Poll: Only die-hard Trump fans oppose compromise on border wall shutdown dispute


President Trump has said that shutting down the federal government in support of his demand for a southern border wall is a “total winner” for him politically, but according to a new poll, the only people who oppose compromise on the issue are his strongest backers.

An overwhelmingly 70 percent of registered voters in the latest The Hill-HarrisX poll said they want Trump and Congress to reach some sort of compromise, compared to just 30 percent who say that sticking to principles is more important than ending the partial shutdown.

The poll found that while Trump’s most fervent supporters approve of refusing to bend, no other demographic group did. Even then, voters who said they “strongly approve” of Trump did so by only a slim margin of 54 percent to 46 percent.

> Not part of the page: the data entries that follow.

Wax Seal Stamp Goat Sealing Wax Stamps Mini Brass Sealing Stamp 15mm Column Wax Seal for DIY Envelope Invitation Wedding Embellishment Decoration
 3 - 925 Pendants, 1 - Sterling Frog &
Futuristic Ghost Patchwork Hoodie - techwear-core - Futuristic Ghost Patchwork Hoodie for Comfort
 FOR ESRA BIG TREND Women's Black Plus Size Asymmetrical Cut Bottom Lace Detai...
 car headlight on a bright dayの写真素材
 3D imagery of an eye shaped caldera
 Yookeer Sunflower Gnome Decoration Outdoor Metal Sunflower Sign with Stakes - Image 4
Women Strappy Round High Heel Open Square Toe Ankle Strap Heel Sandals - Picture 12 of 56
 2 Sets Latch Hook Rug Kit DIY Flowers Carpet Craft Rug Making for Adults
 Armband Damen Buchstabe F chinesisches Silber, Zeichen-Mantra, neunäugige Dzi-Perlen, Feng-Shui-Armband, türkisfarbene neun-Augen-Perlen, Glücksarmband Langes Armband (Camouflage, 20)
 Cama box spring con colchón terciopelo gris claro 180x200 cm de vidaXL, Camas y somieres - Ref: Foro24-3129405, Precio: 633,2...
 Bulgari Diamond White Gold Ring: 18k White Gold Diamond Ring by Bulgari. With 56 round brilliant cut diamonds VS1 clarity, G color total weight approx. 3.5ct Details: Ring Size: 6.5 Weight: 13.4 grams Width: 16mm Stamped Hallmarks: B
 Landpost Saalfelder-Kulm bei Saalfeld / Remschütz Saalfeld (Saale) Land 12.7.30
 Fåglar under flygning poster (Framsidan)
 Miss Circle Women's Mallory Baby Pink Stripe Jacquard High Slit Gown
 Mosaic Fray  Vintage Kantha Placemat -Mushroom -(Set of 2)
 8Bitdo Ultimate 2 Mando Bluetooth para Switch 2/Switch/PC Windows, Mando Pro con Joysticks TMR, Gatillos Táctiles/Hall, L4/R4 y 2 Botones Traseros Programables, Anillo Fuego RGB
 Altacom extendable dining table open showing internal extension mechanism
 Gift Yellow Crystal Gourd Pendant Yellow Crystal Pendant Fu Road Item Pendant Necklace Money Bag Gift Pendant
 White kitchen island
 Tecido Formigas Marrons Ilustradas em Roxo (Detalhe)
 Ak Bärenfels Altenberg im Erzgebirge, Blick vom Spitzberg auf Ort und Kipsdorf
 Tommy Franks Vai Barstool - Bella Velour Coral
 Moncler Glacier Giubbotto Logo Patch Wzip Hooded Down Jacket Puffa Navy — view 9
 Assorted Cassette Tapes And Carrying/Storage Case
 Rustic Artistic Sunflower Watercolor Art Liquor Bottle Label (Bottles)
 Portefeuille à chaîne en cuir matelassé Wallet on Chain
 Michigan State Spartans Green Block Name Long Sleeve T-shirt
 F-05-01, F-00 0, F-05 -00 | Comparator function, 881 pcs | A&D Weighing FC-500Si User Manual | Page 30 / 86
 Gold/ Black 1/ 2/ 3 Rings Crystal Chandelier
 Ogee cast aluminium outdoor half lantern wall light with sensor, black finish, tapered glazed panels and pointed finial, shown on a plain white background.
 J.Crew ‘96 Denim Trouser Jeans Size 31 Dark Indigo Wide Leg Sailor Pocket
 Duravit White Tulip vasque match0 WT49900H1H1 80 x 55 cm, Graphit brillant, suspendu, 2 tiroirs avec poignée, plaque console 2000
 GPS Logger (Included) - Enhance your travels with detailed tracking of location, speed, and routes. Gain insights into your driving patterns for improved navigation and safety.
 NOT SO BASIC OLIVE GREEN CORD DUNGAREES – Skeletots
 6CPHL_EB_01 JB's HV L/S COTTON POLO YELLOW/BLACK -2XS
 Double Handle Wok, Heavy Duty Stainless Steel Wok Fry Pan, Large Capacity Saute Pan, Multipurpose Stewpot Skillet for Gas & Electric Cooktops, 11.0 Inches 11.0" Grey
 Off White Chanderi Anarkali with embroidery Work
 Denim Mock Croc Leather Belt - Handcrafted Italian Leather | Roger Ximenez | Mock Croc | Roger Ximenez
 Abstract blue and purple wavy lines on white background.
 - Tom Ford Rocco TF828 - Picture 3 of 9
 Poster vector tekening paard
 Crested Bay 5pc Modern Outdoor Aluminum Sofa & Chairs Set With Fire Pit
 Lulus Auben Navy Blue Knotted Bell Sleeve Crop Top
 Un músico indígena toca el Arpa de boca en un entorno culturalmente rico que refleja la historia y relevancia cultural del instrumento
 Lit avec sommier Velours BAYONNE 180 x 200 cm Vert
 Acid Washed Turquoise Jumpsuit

Voters who only somewhat approve of Trump were strongly in favor of compromise with 70 percent saying they wanted to see an accord reached while only 30 percent said they wanted policymakers to stick to principles.

That only Trump’s most fervent backers reject compromise may be politically problematic for the president since only 21 percent of voters said they strongly approve of him.

Among Republicans as a whole, a majority of 61 percent said they wanted a compromise while 39 percent said that staying tough was their preference.

People who somewhat disapproved of Trump favored a deal by a 78 percent to 22 margin, while those who strongly disapprove of the president said they wanted compromise 79 percent to 21 percent.

Parts of the federal government saw their funding lapse last month when Trump said he would refuse to sign spending bills that didn’t include funding for the long-sought border wall. Negotiations with congressional leaders are ongoing, but have reportedly seen little progress.

In September, Trump tentatively supported a deal with congressional Democrats that would have granted formal legal protections to some unauthorized immigrants enrolled in the Deferred Action for Childhood Arrivals program in exchange for a border wall but later balked at that under conservative criticism, leading some Democrats to call him an unreliable negotiator.

However the stand-off is resolved, both sides are likely to claim victory.

“What in the world is a wall?” political analyst Bill Schneider said Monday on “What America’s Thinking,” Hill.TV’s online show about polling and public opinion. “Is it a fence, is it slats, he’s talking about steel slats. He’ll call it a wall and he’ll say it’s the equivalent of a wall. Democrats have been talking about using technology–some electronic monitoring system that would work, they say, better than a wall. So there’s going to be a big argument about when is a wall not a wall.”

The latest Hill-HarrisX survey was conducted Jan. 5 through 6 and is part of an ongoing project of The Hill’s online TV division, Hill.TV, and the HarrisX polling company that asks 1,000 registered voters a day about issues of public policy and current events. The latest poll has a sampling margin of error of 3.1 percentage points.